A Blog About Intellectual Property Litigation and the District of Delaware

Alpine Forget-me-not. Myosotis alpestris (1925)
Alpine Forget-me-not. Myosotis alpestris (1925) Mary Morris Vaux Walcott

Stipulations to extend time are a popular, both as a topic on this blog and in how routinely they are filed. Usually, stipulations to extend time are granted without incident, so we highlight the outliers as reminders that sometimes there’s more to it than mere agreement between the parties.

Don’t forget! If you’re stipulating to extend the:

  1. Deadline for discovery completion, or
  2. Postponement of trial

You must include the reasons for the request in your stipulation or motion. And the local rules require you to include either a supporting affidavit by the requesting counsel’s client or a certification that counsel has sent a copy of the request to the client.

This latter requirement reminds me of pre-college: in which students who received sub-optimal test scores needed to get a parental signature to prove to the teacher that the parent had seen the score and reviewed the offending test.

The parties in The Trustees of the University of Pennsylvania v. Genentech, Inc., C.A. 22-145-MN-JLH demonstrated how to correct deficiencies. Earlier this month, Judge Noreika issued an oral order denying their prior stipulation:

ORAL ORDER re 127 STIPULATION TO EXTEND TIME - IT IS HEREBY ORDERED that the stipulation is DENIED with leave to renew for failure to comply with Rule 16.4 of the Local Rules of Civil Practice and Procedure of the United States District Court for the District of Delaware. ORDERED by Judge Maryellen Noreika on 5/12/2023. (dlw) (Entered: 05/12/2023)

However, their new stipulation was so ordered last week, and it reveals that not much reasoning was needed to justify pushing the fact discovery cut-off deadline. Indeed, the reasoning was just a single sentence, explaining that “counsel for both parties . . . believe it is necessary in order to complete fact discovery, including certain depositions that had to be scheduled outside the current close of fact discovery due to witness availability.”

Note that while this short explanation sufficed in this case, Judge Williams has previously held that parties should simply agree between themselves to take depositions after the close of discovery, without filing a stipulation and involving the court.

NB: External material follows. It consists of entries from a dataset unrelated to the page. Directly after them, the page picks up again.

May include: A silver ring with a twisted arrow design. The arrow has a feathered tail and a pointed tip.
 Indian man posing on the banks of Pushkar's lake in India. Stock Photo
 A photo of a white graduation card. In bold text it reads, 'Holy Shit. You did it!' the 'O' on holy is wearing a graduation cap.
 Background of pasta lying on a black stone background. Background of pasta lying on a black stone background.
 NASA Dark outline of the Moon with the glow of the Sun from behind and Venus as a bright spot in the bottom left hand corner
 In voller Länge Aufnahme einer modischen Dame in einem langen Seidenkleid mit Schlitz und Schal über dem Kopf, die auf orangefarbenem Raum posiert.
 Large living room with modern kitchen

If a party cannot get the other side to agree to postponing the fact discovery deadline, “simply needing more time” may not cut it, especially where it accompanies a contested request to postpone trial. See Dali Wireless, Inc. v. John Mezzalinguia Associates, LLC d/b/a JMA Wireless, C.A. 19-2367-RGA, D.I. 111 (D. Del. Jul. 22, 2021) (oral order):

ORAL ORDER: The Parties say they need more time, but simply needing more time is not good cause. The Courts schedule is already completely full for the foreseeable future. Thus, the motion to amend scheduling order is DENIED. If the parties want to consent to a magistrate judges handling the rest of the proceedings in this case, including the trial, they should file such a consent and the Parties can arrange a new schedule with a new judge.

Obviously, we saw a greater-than-usual number of trial postponements during the pandemic. See Baxalta Inc., Baxalta US Inc., Nektar Therapeutics v. Bayer Healthcare LLC, C.A. 17-1216-RGA, D.I. 529 at 1 n.2 (D. Del. Aug. 12, 2020) (“The parties should expect to be double- or triple-booked for trial. If public health permits at the time, the parties should expect that they may not know until the eve of trial whether their trial will move forward.”). Otherwise, stipulations to postpone a trial date are uncommon, but such stipulations are sometimes attempted.

At least in the case of stipulations to postpone discovery completion deadlines, it is not difficult. Just don’t forget the extra steps!